_WHAT YOU ARE ASKED TO DO_. Work out how many lines in the data below include "Hotel", then reply with that number only.

(Records contained in a dataset)
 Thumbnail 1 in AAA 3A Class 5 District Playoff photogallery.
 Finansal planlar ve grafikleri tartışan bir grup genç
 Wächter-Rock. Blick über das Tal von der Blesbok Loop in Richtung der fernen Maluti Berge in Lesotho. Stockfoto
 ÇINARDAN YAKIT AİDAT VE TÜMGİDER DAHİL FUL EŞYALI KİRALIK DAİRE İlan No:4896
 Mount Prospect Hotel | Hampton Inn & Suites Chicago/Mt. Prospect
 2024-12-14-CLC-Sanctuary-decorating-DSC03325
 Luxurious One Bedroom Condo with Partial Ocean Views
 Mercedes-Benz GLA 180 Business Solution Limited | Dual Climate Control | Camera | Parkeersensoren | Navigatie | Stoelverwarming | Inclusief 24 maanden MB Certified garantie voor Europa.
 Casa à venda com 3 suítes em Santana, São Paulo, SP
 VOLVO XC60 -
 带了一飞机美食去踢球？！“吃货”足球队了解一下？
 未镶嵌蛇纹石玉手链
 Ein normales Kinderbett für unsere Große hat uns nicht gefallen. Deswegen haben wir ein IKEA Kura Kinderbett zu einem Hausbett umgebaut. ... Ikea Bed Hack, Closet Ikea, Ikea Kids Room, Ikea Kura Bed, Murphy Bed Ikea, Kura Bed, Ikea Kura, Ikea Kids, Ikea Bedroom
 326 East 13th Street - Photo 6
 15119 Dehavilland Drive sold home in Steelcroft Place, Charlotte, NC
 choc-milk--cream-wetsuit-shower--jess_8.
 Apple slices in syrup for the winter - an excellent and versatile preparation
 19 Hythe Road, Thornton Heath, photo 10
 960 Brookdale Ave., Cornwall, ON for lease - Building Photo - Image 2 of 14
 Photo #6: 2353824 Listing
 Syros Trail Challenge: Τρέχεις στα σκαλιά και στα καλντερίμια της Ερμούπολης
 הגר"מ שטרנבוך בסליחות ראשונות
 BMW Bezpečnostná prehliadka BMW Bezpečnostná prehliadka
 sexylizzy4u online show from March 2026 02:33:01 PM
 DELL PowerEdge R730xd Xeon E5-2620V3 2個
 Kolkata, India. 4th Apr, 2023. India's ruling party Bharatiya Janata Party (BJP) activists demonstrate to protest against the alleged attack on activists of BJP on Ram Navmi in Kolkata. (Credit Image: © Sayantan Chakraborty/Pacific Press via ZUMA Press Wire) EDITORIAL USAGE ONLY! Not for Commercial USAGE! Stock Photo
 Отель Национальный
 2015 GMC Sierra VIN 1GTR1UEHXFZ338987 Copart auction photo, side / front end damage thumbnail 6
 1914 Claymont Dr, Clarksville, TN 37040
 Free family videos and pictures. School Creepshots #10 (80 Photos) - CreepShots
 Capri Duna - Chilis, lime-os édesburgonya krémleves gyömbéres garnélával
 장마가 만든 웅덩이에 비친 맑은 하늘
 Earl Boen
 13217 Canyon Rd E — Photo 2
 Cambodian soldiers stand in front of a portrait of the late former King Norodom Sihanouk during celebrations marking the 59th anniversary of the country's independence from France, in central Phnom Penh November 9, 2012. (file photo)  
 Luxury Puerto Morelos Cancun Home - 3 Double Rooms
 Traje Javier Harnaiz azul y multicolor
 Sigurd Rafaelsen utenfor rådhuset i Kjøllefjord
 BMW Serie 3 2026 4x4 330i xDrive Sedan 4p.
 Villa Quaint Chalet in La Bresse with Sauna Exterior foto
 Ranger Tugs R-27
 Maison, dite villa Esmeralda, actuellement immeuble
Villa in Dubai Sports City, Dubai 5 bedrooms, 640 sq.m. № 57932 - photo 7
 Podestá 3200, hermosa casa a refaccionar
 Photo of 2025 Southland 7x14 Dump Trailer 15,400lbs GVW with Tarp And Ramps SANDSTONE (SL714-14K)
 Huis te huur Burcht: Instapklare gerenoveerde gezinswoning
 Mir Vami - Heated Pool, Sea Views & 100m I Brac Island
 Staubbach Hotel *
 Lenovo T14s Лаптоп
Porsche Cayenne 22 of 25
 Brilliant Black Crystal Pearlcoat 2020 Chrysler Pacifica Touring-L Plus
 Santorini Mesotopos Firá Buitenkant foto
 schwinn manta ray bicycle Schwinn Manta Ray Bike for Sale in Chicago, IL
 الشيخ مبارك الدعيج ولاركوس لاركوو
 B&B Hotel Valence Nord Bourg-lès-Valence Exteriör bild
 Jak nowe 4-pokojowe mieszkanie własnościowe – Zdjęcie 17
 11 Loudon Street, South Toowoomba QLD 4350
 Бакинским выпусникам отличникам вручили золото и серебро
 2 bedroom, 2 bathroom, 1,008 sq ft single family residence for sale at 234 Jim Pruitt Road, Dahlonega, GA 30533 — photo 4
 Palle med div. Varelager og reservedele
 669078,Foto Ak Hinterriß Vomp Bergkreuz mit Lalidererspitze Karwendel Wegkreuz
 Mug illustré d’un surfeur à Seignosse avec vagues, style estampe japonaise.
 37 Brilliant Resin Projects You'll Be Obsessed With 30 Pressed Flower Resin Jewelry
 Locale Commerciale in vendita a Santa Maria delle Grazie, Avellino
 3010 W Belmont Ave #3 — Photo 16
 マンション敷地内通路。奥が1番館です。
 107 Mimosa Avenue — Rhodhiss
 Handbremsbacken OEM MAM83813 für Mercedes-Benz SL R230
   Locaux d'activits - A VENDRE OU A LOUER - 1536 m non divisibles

_SOLVED EXERCISE_. 3